2. The machine work must be impeccable!! Everything should be magnafluxed before assembly and the block should be blueprinted including align boring. Sonic checking the cylinder walls is must.

3. Use a stud girdle and top quality studs.

4. Block prep! Grind off all casting flash, parting lines, etc. Don't leave any stress risers.

5. Half fill the block with Hard-Blok or whatever.

I also think that making 500+ hp on E-85 or methanol will be easier on the block than doing the same on gasoline. Why I think so is for another post.

Now, will this block be 100% reliable with another 200 shot of juice? No way. Will it run? Hell yes, and really hard too for awhile. Mr. Szilagyi states that for 650+ hp applications, the R3 block is the only way to go. Main webs designed for 4 bolt mains, serious cyl wall beef, etc. The block itself even weighs about 50 lbs more than 340/360 LA block. Unfortunately, I don't think anyone can tell you for certain that "10 200 hp hits and she's a goner". You might get 1 shot or you might get 50 or 100, but it will go away and it won't be pleasant.

Hope this helps.
 
My favorite thing; Someone asks for advise and when the advise is not what they want to hear they bash and argue it.

Just stick with your Fords and good luck with them.



Moper, you can lead a horse to water but you can't make 'em drink.

Chuck
 
My favorite thing; Someone asks for advise and when the advise is not what they want to hear they bash and argue it.

Just stick with your Fords and good luck with them.

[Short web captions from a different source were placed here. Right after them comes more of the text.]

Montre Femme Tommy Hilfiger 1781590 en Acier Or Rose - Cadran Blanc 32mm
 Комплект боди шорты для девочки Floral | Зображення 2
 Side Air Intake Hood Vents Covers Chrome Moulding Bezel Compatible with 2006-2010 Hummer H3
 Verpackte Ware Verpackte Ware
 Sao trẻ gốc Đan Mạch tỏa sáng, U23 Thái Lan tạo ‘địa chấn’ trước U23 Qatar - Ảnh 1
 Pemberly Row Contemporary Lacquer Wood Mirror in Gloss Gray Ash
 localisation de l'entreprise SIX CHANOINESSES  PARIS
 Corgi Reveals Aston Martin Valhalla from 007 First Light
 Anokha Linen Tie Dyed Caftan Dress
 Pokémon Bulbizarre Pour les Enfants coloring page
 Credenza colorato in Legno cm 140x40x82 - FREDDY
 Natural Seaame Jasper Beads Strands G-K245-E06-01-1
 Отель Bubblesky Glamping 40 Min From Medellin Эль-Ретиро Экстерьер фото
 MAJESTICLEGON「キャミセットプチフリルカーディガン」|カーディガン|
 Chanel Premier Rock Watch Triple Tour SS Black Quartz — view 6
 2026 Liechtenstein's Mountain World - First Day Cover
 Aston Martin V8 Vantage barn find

Moper, you can lead a horse to water but you can't make 'em drink.

Chuck

340 Mopar - What am I bashing!? I have people telling me a big block or telling me it won't work with no reason! Are you reading my posts wrong or what? I'm on here asking a legit question, and all I get is, "why don't you build a big block instead?" I've not been "lead to water" yet, accept for "ramcharger's" post. If you have nothing to add and to back up your reasons then the post is no good to me, even though I do appreciate input. What I don't appreciate are assumptions, which seems like what I'm getting out of your post. I would appreciate those comments be left out. I'm just asking questions as I have NOT built a Mopar, and am going to be doing one. I thought the Mopar "Family" was a tight knit group and could help a brutha out. Was I wrong? Please don't take this as any kind of static, I'm just here trying to learn, and ask more questions.

ramcharger - Thank you very much for your post. I do agree even with the Ford engines I've put together that drilling out for 4 bolts on a two bolt block is just bad news, and I have my reasons for that as well.

Speed Demon - Again, thank you for your posts. All this is going into consideration.

A forged rotating assembly was a given in my book, along with a girdle. Those things are just planned in a build to me.